Comments in the InnoDB code, in the bug tracker, and elsewhere, mention that taking the mutex is necessary to ensure that commits happen in the same order in InnoDB and in the binary log. This is certainly true; without taking the mutex we can have transaction A committed in InnoDB before transaction B, but B written to the binary log before transaction A.

But this just raises the next question: why is it necessary to ensure the same commit order in InnoDB and in the binary log? The only reason that I could find stated is that this is needed for InnoDB hot backup and XtraBackup to be able to extract the correct binary log position corresponding to the state of the engine contained in the backup.

Sergei Golubchik investigated this issue during the 2010 MySQL conference, inspired by the many discussions of group commit that took place there. It turns out that XtraDB does a FLUSH TABLES WITH READ LOCK when it extracts the binary log position. This statement completely blocks the processing of commits until released, removing any possibility of different commit order in engine and binary log (InnoDB hot backup is closed source, so difficult to check, but presumably works in the same way). So there certainly is no need for holding the prepare_commit_mutex to ensure consistent binary log position for backups!

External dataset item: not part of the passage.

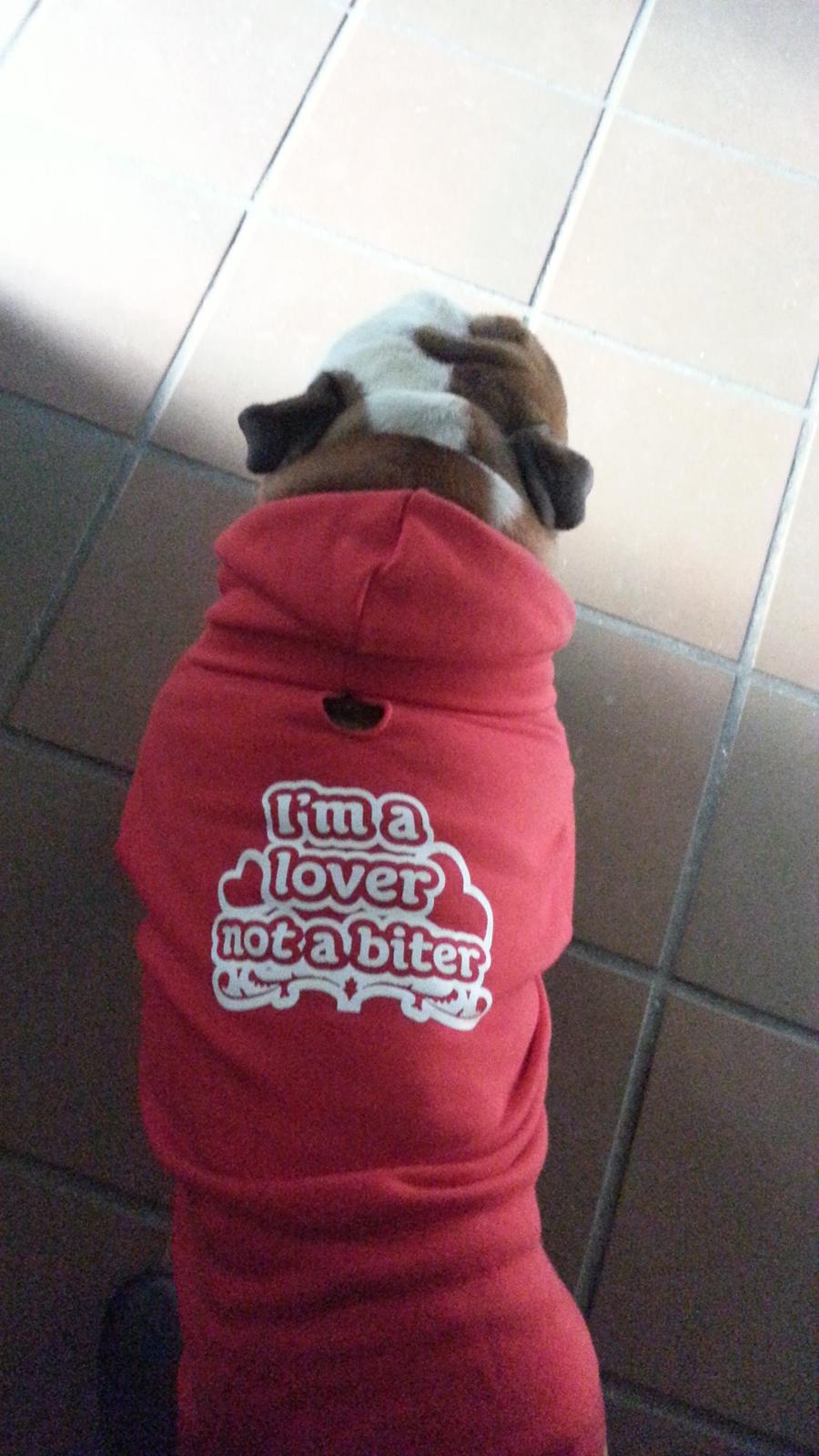 Engelsk bulldog Victor billede 8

There is another popular way to do hot backups without using FLUSH TABLES WITH READ LOCK: LVM snapshots. But an LVM snapshot essentially runs the recovery algorithm at restore time. In this case, XA is used to ensure that engine and binary log are consistent at server start, eliminating any need to enforce same ordering of commits.

So it really seems that there just is no good reason for the prepare_commit_mutex mutex to exist in the first place. Unless someone can come up with a good explanation for why it should be needed, I am forced to conclude that we have lived with 5 years of broken group commit in MySQL solely because of incorrect hearsay about how things should work. Which is kind of sad, and suggest that no-one at MySQL or InnoDB ever cared sufficiently to take a serious look at this important issue.

(In order to get full group commit in MySQL there is another issue that needs to be solved. The current binary log code does not include implementation of group commit, so this also needs to be implemented. Such an implementation should be possible to do using standard techniques, and is independent of fixing of group commit in InnoDB).

This concludes the second part of the series, showing that group commit can be restored simply by removing the offending prepare_commit_mutex from InnoDB. The third and final article in the series will discuss some deeper issues that arise from looking into this part of the server code, and some interesting ideas for further improving things related to group commit.